Please copy exactly the line containing "Những con tôm" and every line after it, through the last line of the records below, leaving out all pictures.

(Beginning of MATERIAL PROVIDED)

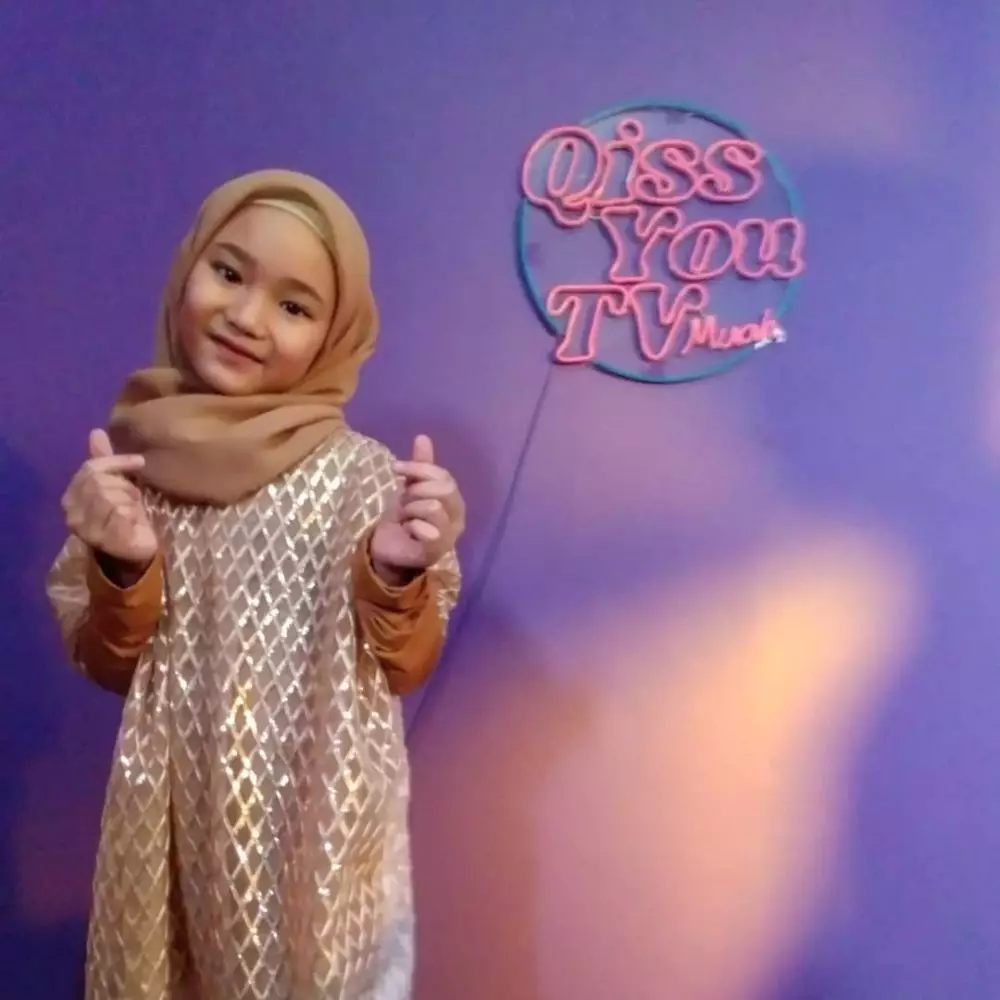 Bilqis anak Ayu Ting Ting jadi presenter cilik © 2021 brilio.net Bilqis anak Ayu Ting Ting jadi presenter cilik © 2021 brilio.net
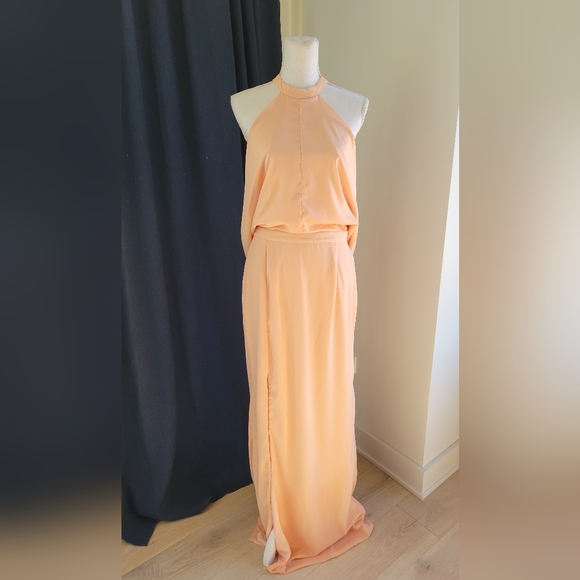 MISSGUIDED | Peach Cowl Back Maxi Dress - Picture 2 of 16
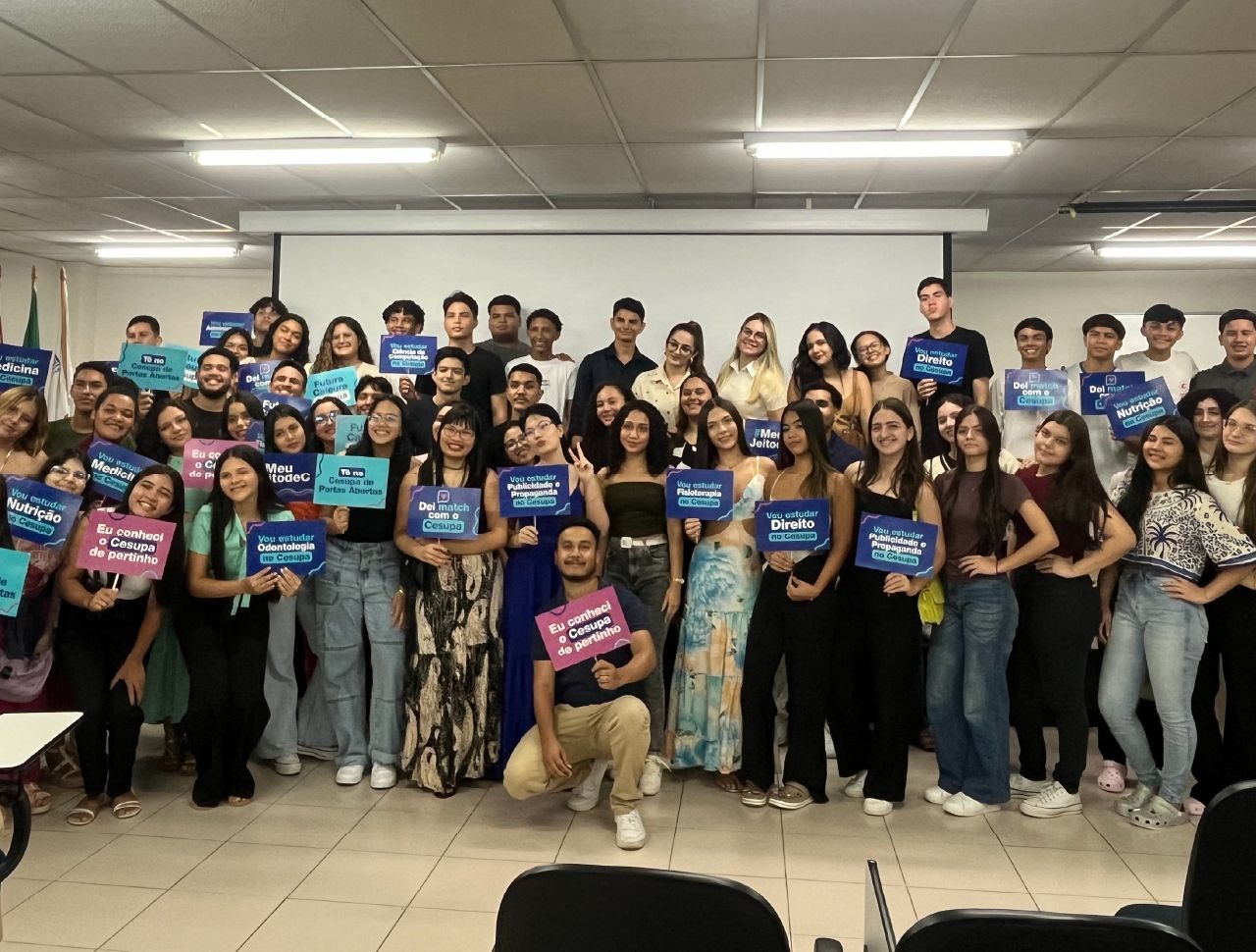 Alunos do Curso de Redação Rodrigo Costa vivenciam experiência universitária no Cesupa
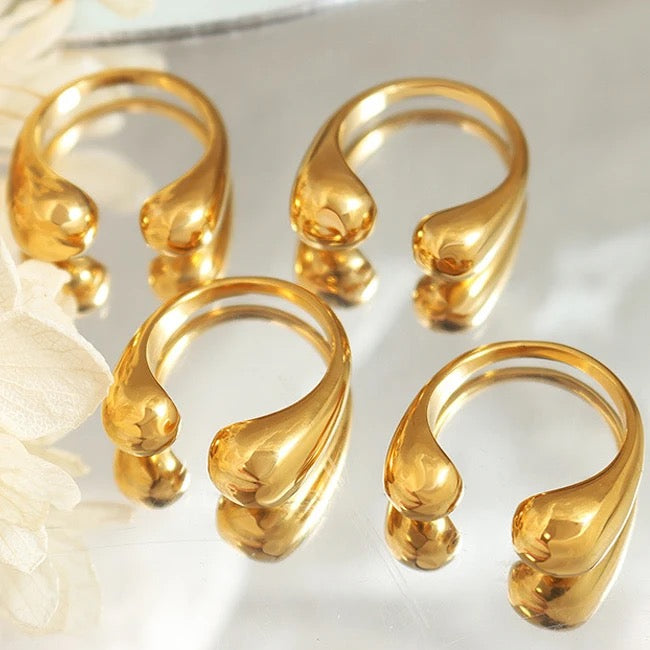 The Water Drop Ring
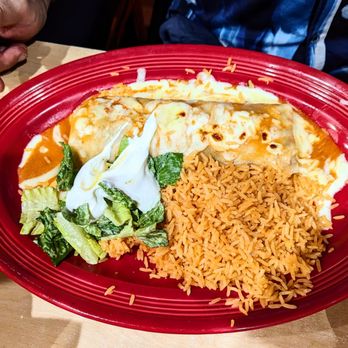 Salsa & Beer - Smothered in cheese. The meat was seasoned so nicely. - Mexican Near Me - Van Nuys, California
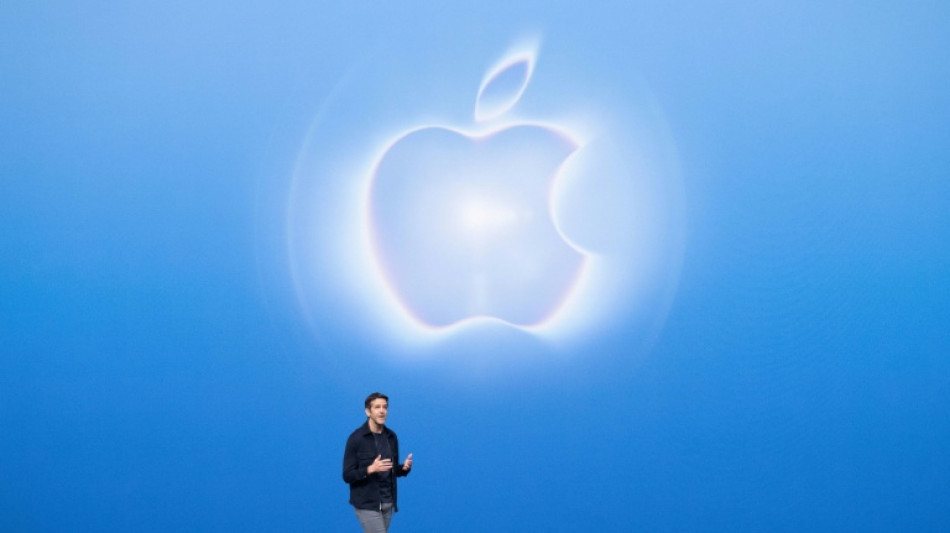  Apple d&eacute;voile son premier iPhone pliable, et rel&egrave;ve encore les prix 
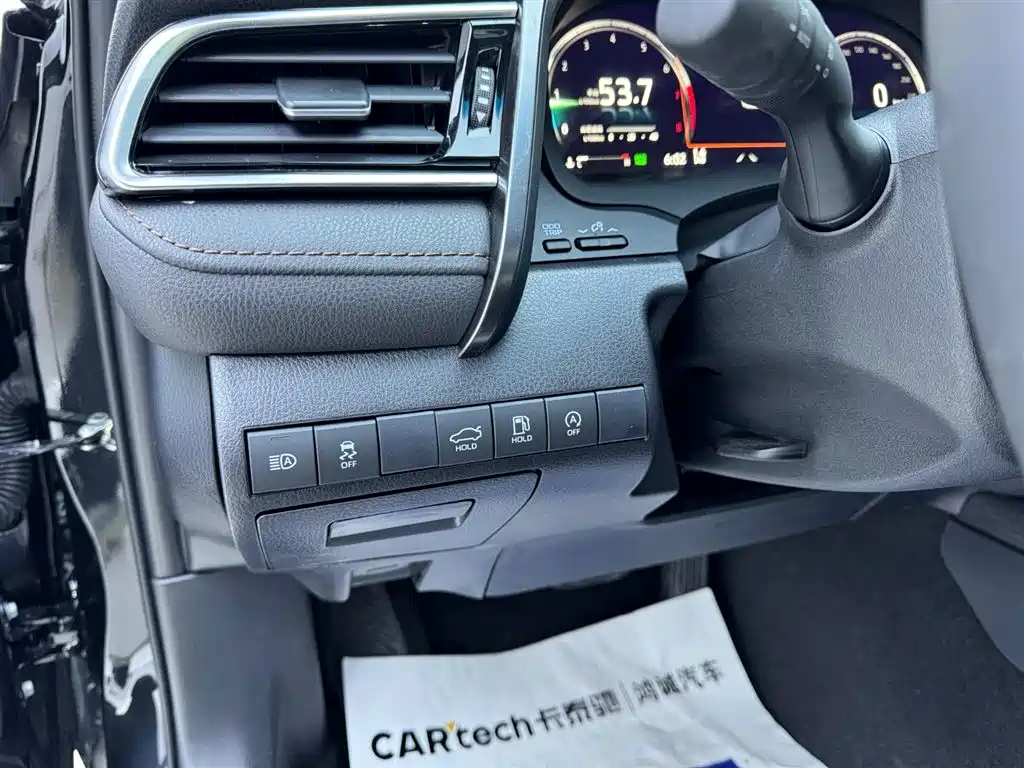 TOYOTA CAMRY 2023
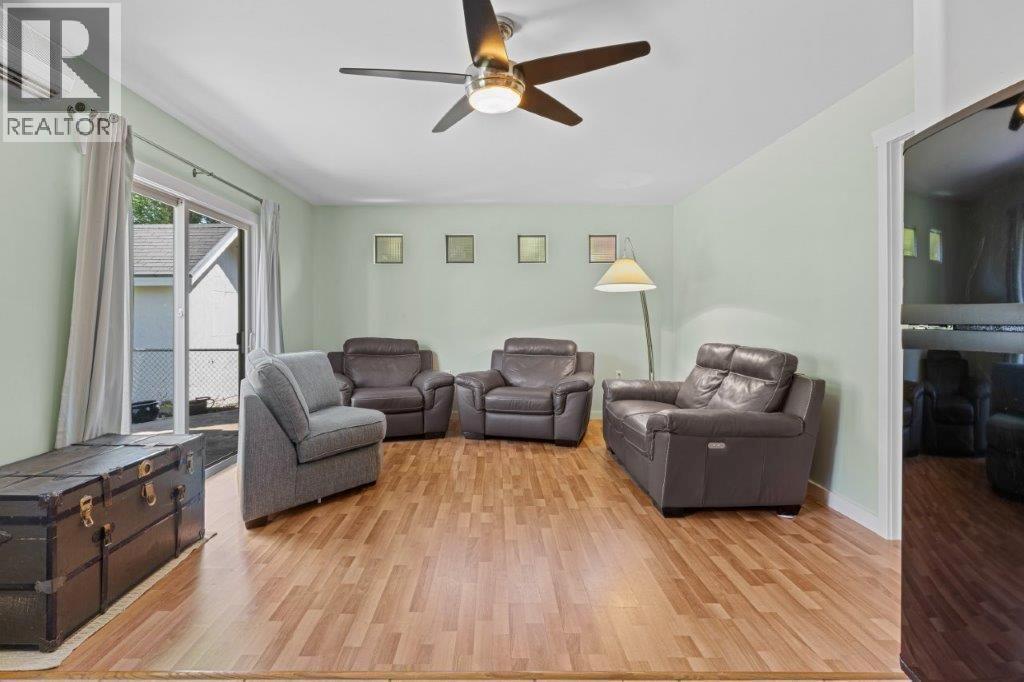  4170 Lake Avenue, Peachland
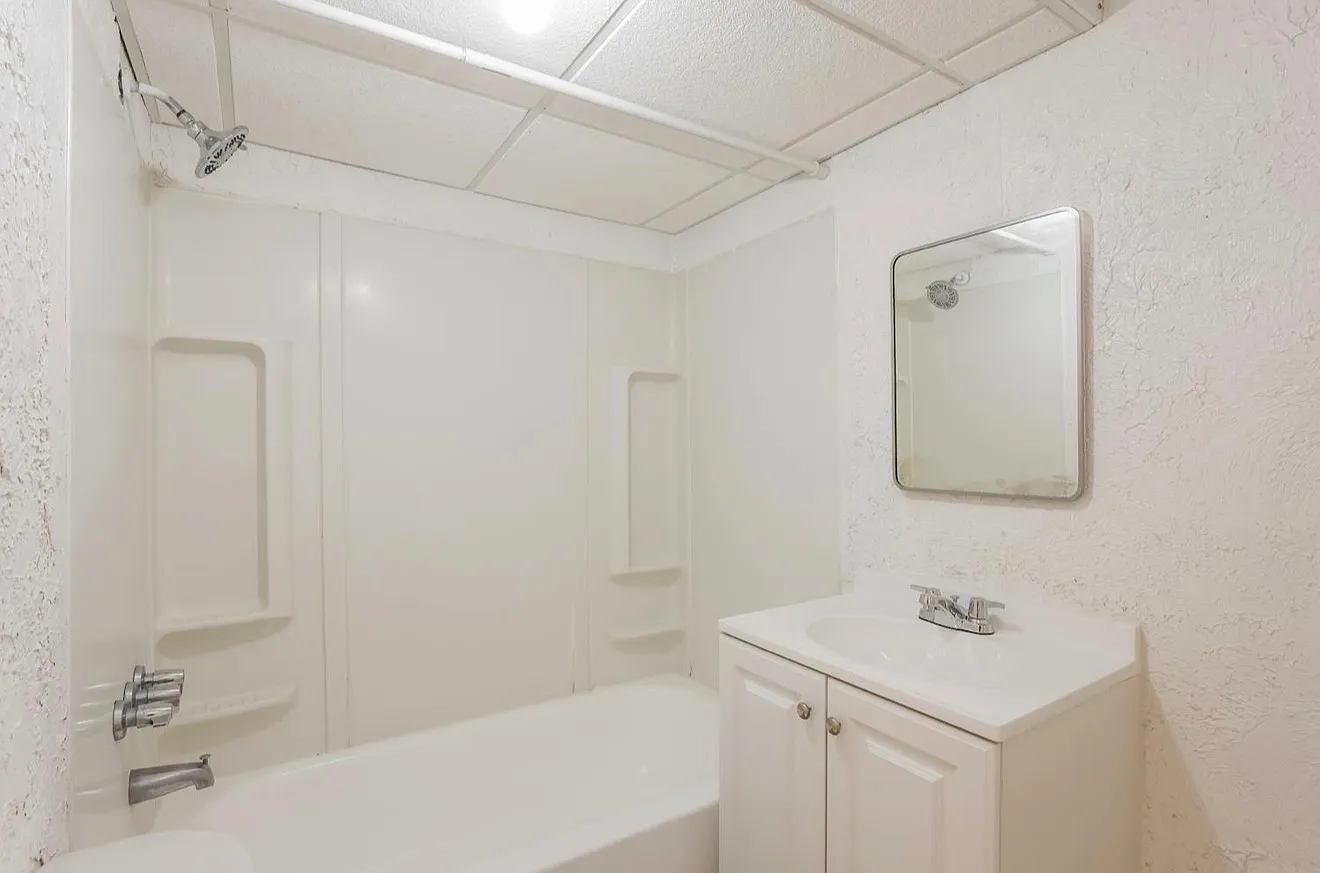 3 bed, 2240 sqft, $1,550 — Photo 4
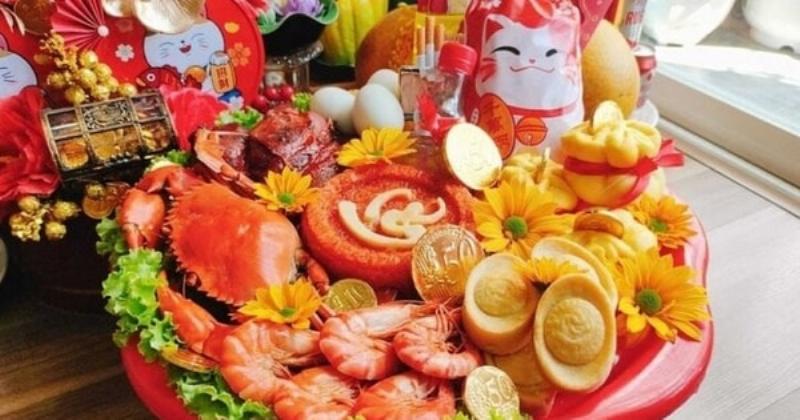 Những con tôm càng xanh tươi sống đang được bày bán tại một khu chợ truyền thống Việt Nam, phản ánh giá tôm càng xanh hôm nay tại chợ.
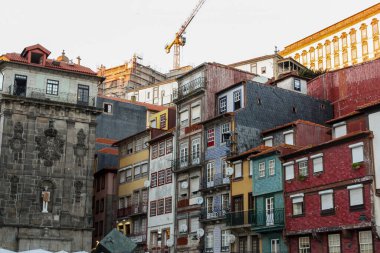 Portekiz, Porto 'nun eski mahallesindeki tipik renkli evler.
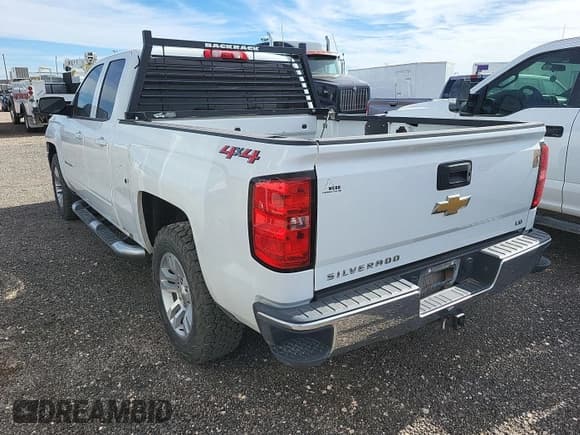 ✅ 2019 Chevrolet Silverado 1500 LT • VIN: 2GCVKPEC3K1128722 • Лот: 42260531. Опубликован ранее на IAAI с пробегом 106 058 миль. Бесплатный доступ к архиву аукционных продаж из США и подробный отчёт об истории автомобиля на DreamBid. Изображение 1.
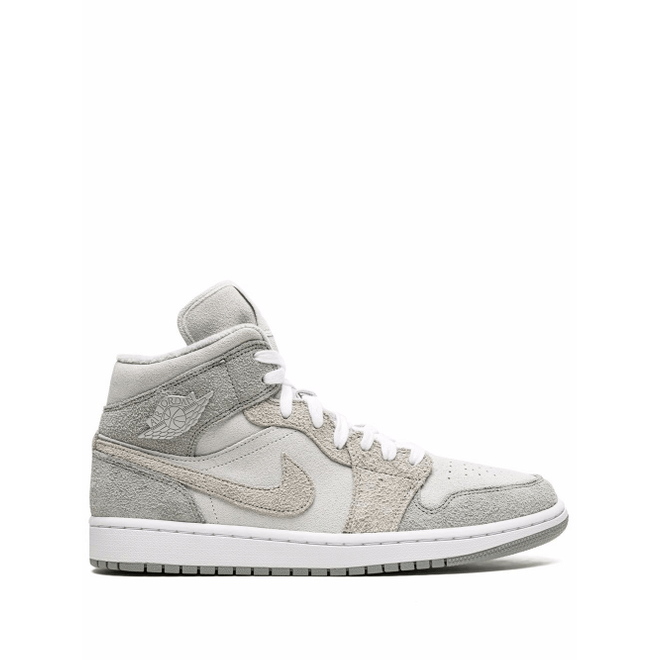 Jordan Air Jordan 1 Mid SE 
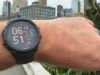 Depois de testar este rival da Garmin, não voltarei a usar um smartwatch sem lanterna embutida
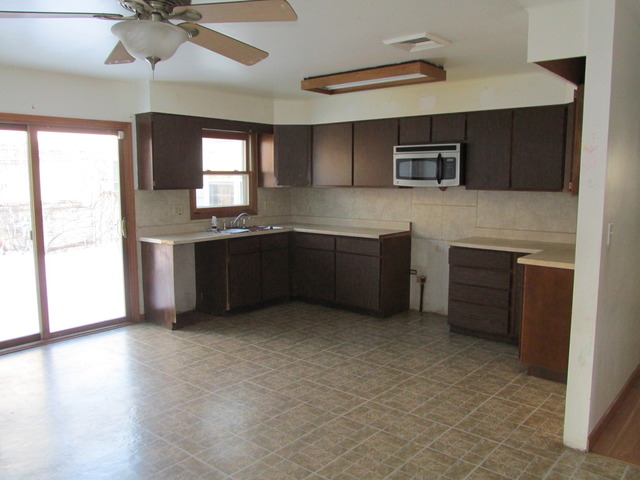 461 S Commonwealth Ave, Elgin, IL 60123 photo 2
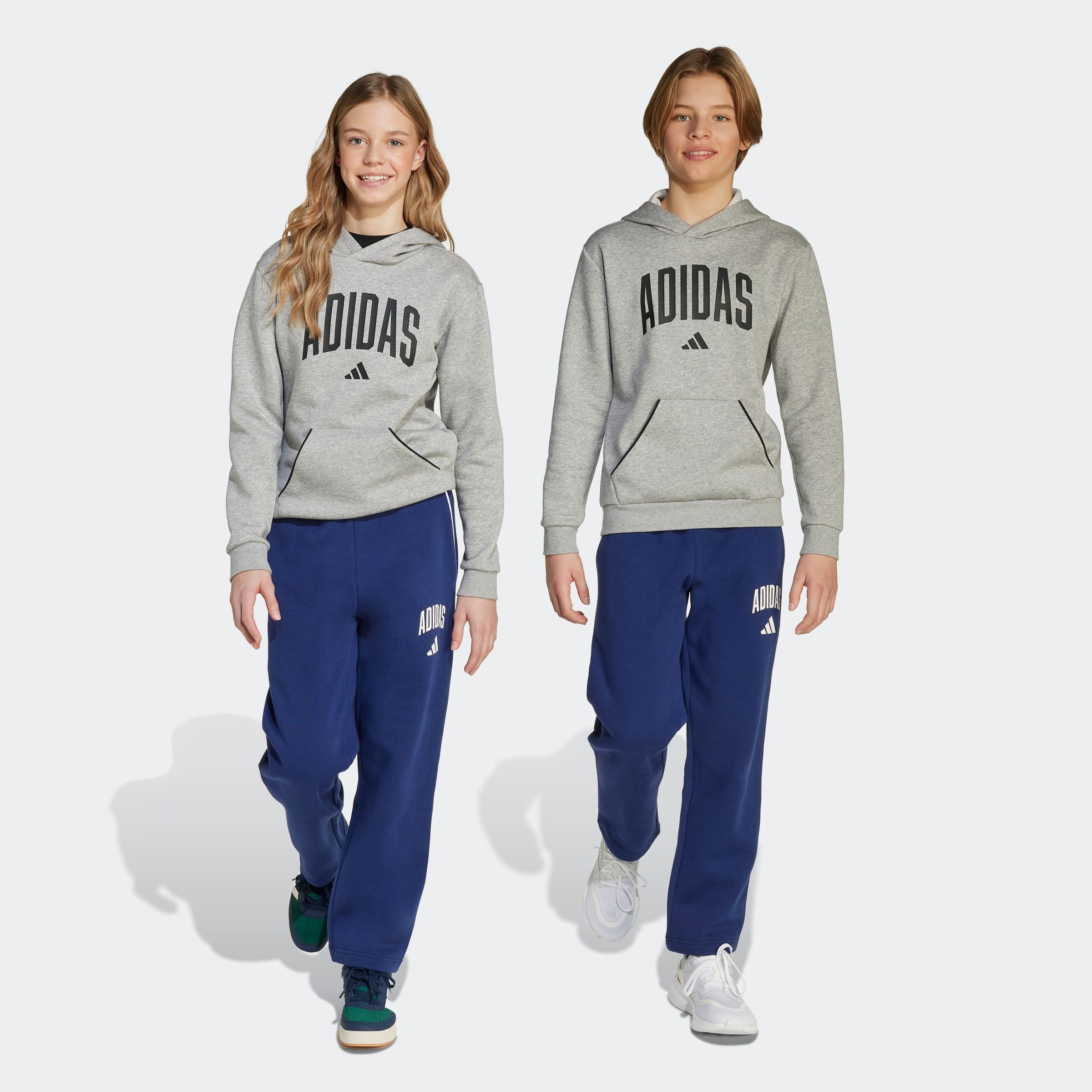 adidas Sportswear Sporthose SAISON ESSENTIALS COLLEGE TYPOGRAPHIE KINDER für Kinder und Teens, sportlicher Stil, mit Seitentaschen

(End of MATERIAL PROVIDED)

EXERCISE OUTPUT>
 Những con tôm càng xanh tươi sống đang được bày bán tại một khu chợ truyền thống Việt Nam, phản ánh giá tôm càng xanh hôm nay tại chợ.
 Portekiz, Porto 'nun eski mahallesindeki tipik renkli evler.
 ✅ 2019 Chevrolet Silverado 1500 LT • VIN: 2GCVKPEC3K1128722 • Лот: 42260531. Опубликован ранее на IAAI с пробегом 106 058 миль. Бесплатный доступ к архиву аукционных продаж из США и подробный отчёт об истории автомобиля на DreamBid. Изображение 1.
 Jordan Air Jordan 1 Mid SE 
 Depois de testar este rival da Garmin, não voltarei a usar um smartwatch sem lanterna embutida
 461 S Commonwealth Ave, Elgin, IL 60123 photo 2
 adidas Sportswear Sporthose SAISON ESSENTIALS COLLEGE TYPOGRAPHIE KINDER für Kinder und Teens, sportlicher Stil, mit Seitentaschen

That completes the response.